Even mostly idle instances accumulate hundreds of open sockets that will eventually hit the ulimit and cause errors. I restarted my instance a few hours ago, and in the meantime it has accumulated 158 log lines (and 1568 that access /latest_version) and 284 open sockets. I don't know what the sockets are being used for, but this smells like a bug to me. One user on the #invidious IRC channel mentioned that he had to raise the open file descriptor limit to 16k, for an instance that is only used by them.
This has been a known issue for years.
It's not that big of a problem since the linux default value is far too low.
Is Invidious supposed to use that much though? Of course no.
Duplicate of https://github.com/iv-org/invidious/issues/578
I've at least partially mitigated the problem by removing the proxy_http_version 1.1 and proxy_set_header Connection "" lines from the Nginx config. It's now been running for 2 days without hitting the default socket limit where as previously it would typically run out in ~12 hours despite very light use (and it would then spam the logs and fill up the disk to make it even more fun).
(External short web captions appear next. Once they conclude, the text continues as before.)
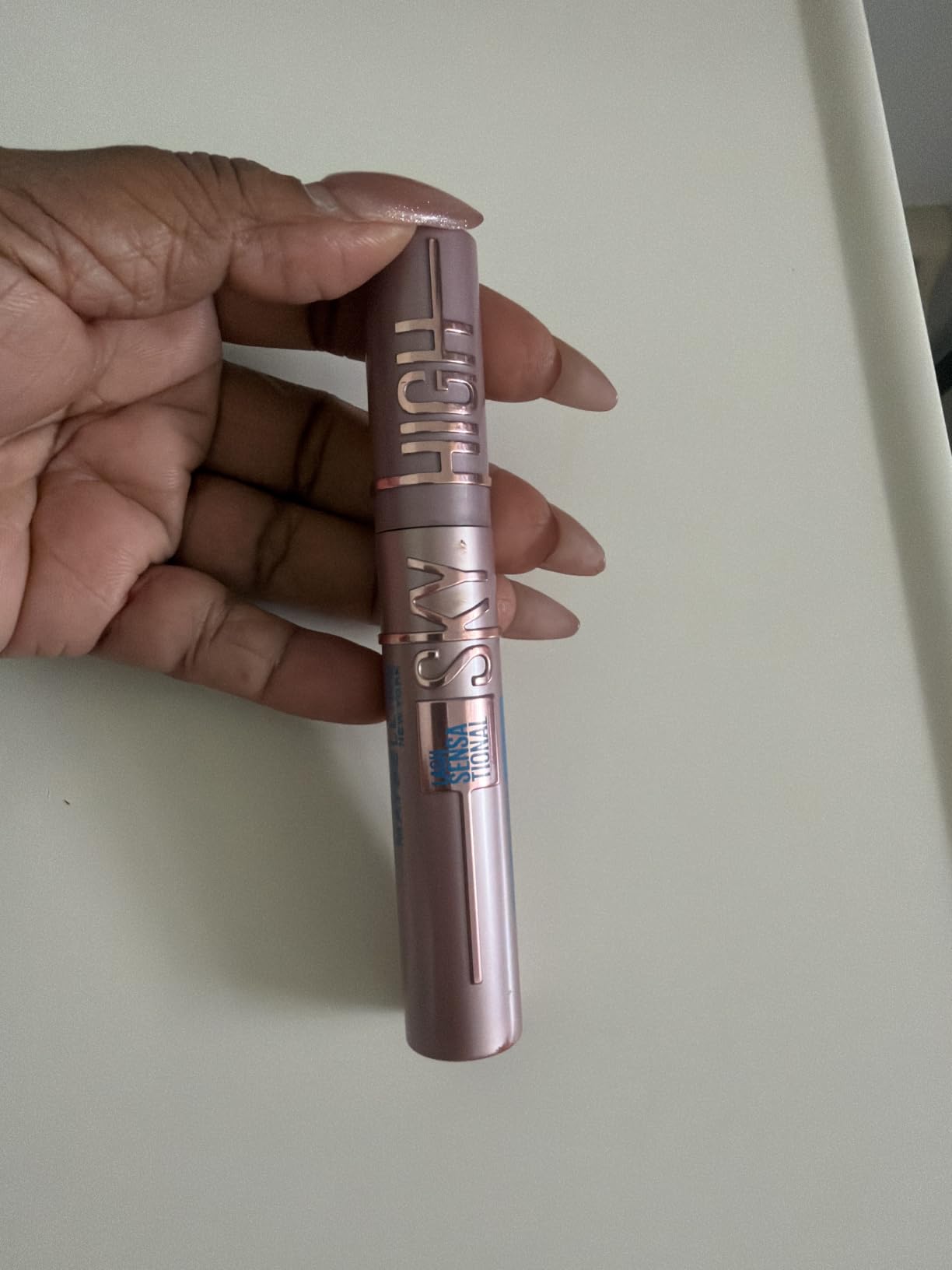 Maybelline Lash Sensational Sky High Washable Mascara Makeup, Volumizing, Lengthening, Defining, Curling, Multiplying, Buildable Formula, Blackest Black, 1 Count customer photo 1
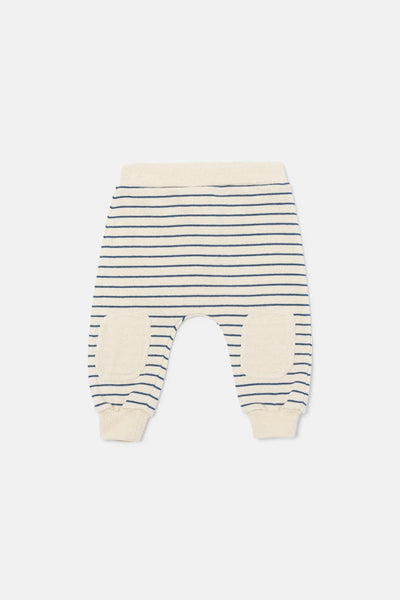 Striped Baby Pants - Blue-Stone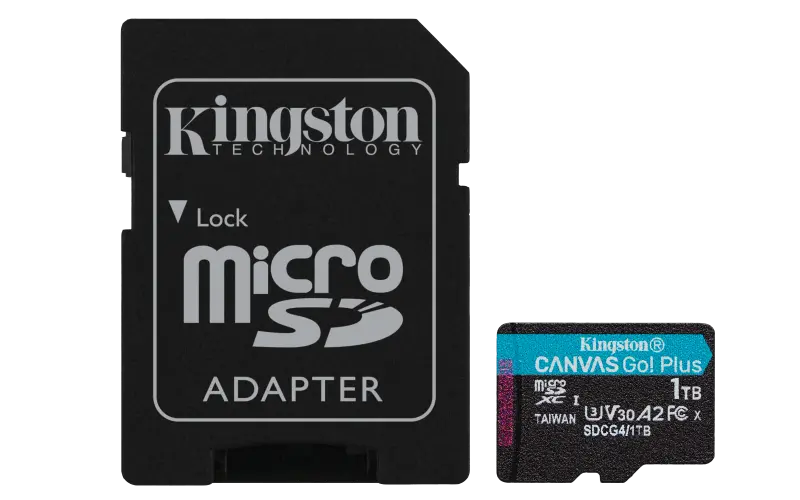 Card memorie Kingston Canvas Go Plus 1TB microSDXC adaptor SD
The problem seems to be in the lsquic.cr library where there's a socket connection that is held indefinitely. I create a PR to close the socket.
The problem seems to be in the lsquic.cr library where there's a socket connection that is held indefinitely. I create a PR to close the socket.
Good catch, unfortunately we also have the problem without quic enabled here so there's probably more to it :(
We seem to hit it reliably after a bunch of broken pipe errors (see the crystal ticket I referred to), might be related. Don't have much more time to dig atm.
Ah sorry I take that back, I'm not sure if it's the main problem we have when we quickly run out of fd during charge bursts but that's definitely a problem we run into, I didn't realize it's a quic client lib and we're leaking such quic handles to google servers on our instance as well alright.
This issue should be fixed https://github.com/iv-org/lsquic.cr/pull/2
@martinetd can you open a new issue if you still have this issue?
Will do, thanks!
Most helpful comment
The problem seems to be in the lsquic.cr library where there's a socket connection that is held indefinitely. I create a PR to close the socket.